I have a program that keeps crashing. gdb is next to useless as it gives a "generic error" enumerating threads most of the time, and even when it doesn't none of the backtraces make any sense (mostly 0's and random values). It's a heisenbug so the fault cannot be reproduced under valgrind. Is there any way I can do a reasonableness test on the stack from C/C++? At a minimum I think all I would need to do is get the return address and check that is within a certain range and not null's etc. Thanks James

On 01.09.13 01:28, James Harper wrote:
I have a program that keeps crashing. gdb is next to useless as it gives a "generic error" enumerating threads most of the time, and even when it doesn't none of the backtraces make any sense (mostly 0's and random values). It's a heisenbug so the fault cannot be reproduced under valgrind.
Is there any way I can do a reasonableness test on the stack from C/C++? At a minimum I think all I would need to do is get the return address and check that is within a certain range and not null's etc.

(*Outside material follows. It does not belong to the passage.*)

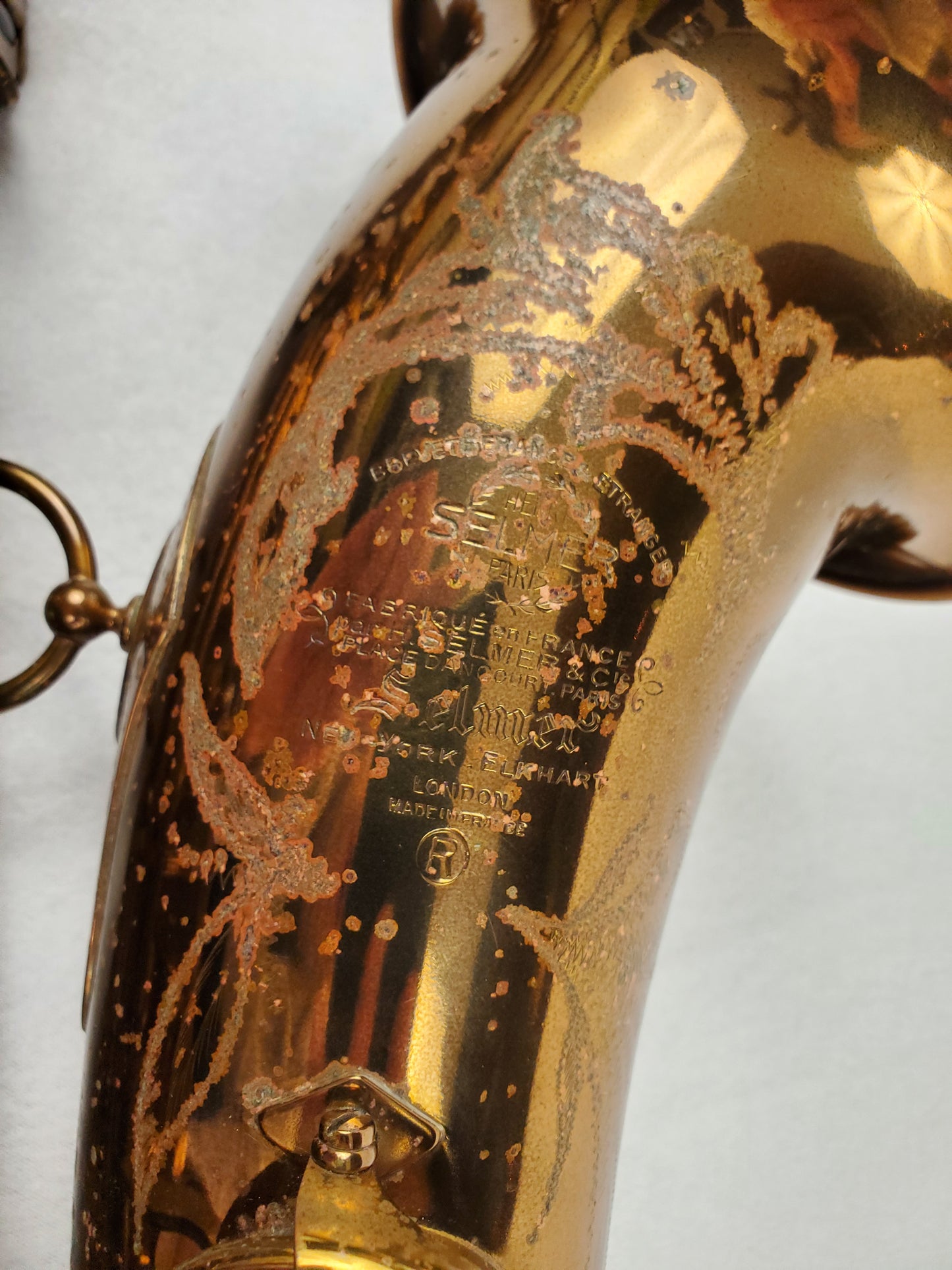 Selmer Mark VI Tenor Saxophone 78xxx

The fact that it is crashing does indicate that that minimum isn't going to cut it. When the stack pointer is off, it's necessary to go back in time, to find out which pair of pointer operations is mismatched. (Unless it's like the last case, below.) What I've done as a first step on many an embedded platform is initialise all of the stack area to some constant value. A later dump then shows the stack's high water mark, which at least indicates whether it is simple stack overflow. If the corruption is due to unbalanced pushes and pops, or incorrect stack pointer operations (stack frame construction/removal), then the top of stack is in the middle of a stack frame or similarly out of whack, leading to reading of the return address from the wrong location. If the subsequent execution of "randomly" selected code or data, or better yet the return address itself, immediately causes an exception and vectoring to a trap, the chances of stack preservation is maximal. If you can recognise recent stack frames around, but not aligned on the stack pointer, then you may be able to deduce which functions executed immediately prior to the one which led to the stack corruption, thus narrowing down which function could be the culprit. What does gdb report as the program counter value prior to the crash? Does that value or a traceable precursor exist near the current stack pointer address, e.g. just prior?

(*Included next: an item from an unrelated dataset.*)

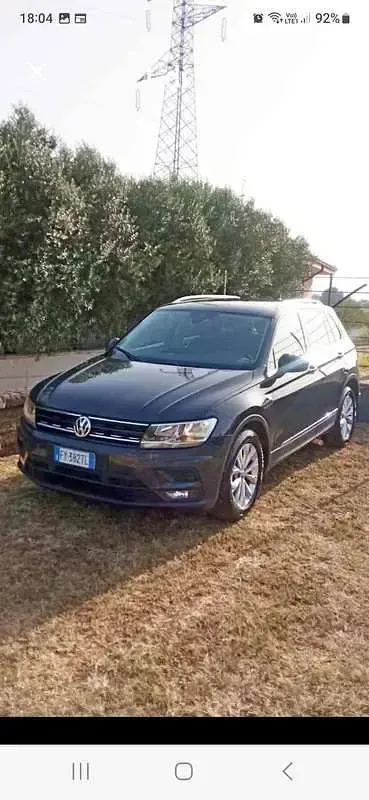 Usata VW Tiguan 116 CV (85 kW) 2019 SUV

From your description, that doesn't appear to be the end of a stack frame. If you can shuffle up and down the stack, to find properly constructed stack frames, the return address in each should allow reconstructing enough stack trace to see which functions led to the crash.
This kind of intermittent bolt from the blue could on the other hand result from an interrupt handler failing to preserve the stack, maybe even due to leaving something not being declared "volatile" when it is visible to other code. That's not easy to catch. Incidentally, have you tried compiling with a later version of gcc, just in case that fixes it? (Annoying if that fixed it after a fortnight of skull cracking.) Not much help, is it? Unfortunately, I've always found fixing stack corruption to be an intensely diagnostic exercise, with few shortcuts. Erik -- Global temperature extremes in 94% of countries, but averages have stalled. - http://www.bbc.co.uk/news/science-environment-23172702

On 01/09/13 11:28, James Harper wrote:
Is there any way I can do a reasonableness test on the stack from C/C++? At a minimum I think all I would need to do is get the return address and check that is within a certain range and not null's etc.

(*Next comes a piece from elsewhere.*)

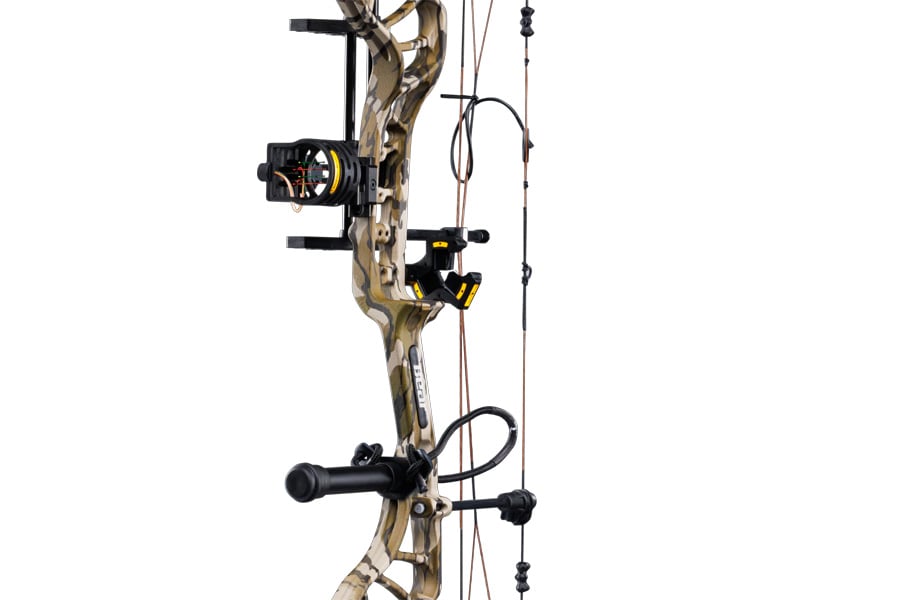Bear Compound Righthand Legit MAXX RTH Bow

You can make use of backtrace directly inside the program (http://linux.die.net/man/3/backtrace), producing a set of return addresses from the stack frames, which you can then sanity check (no need to convert to symbols). Note that when there is optimization (particularly if frame pointers are left out), stack frames aren't always as easy to interpret, so it often helps to try to reproduce the problem with optimization turned off if possible. It would also be interesting to turn on the gcc stack protection (-fstack-protector-all), if you think for example that the problem is being caused by a buffer overflow. This won't tell you where the problem is, but it might at least abort more gracefully closer to the point where the failure is occurring. Glenn -- sks-keyservers.net 0x6d656d65
participants (3)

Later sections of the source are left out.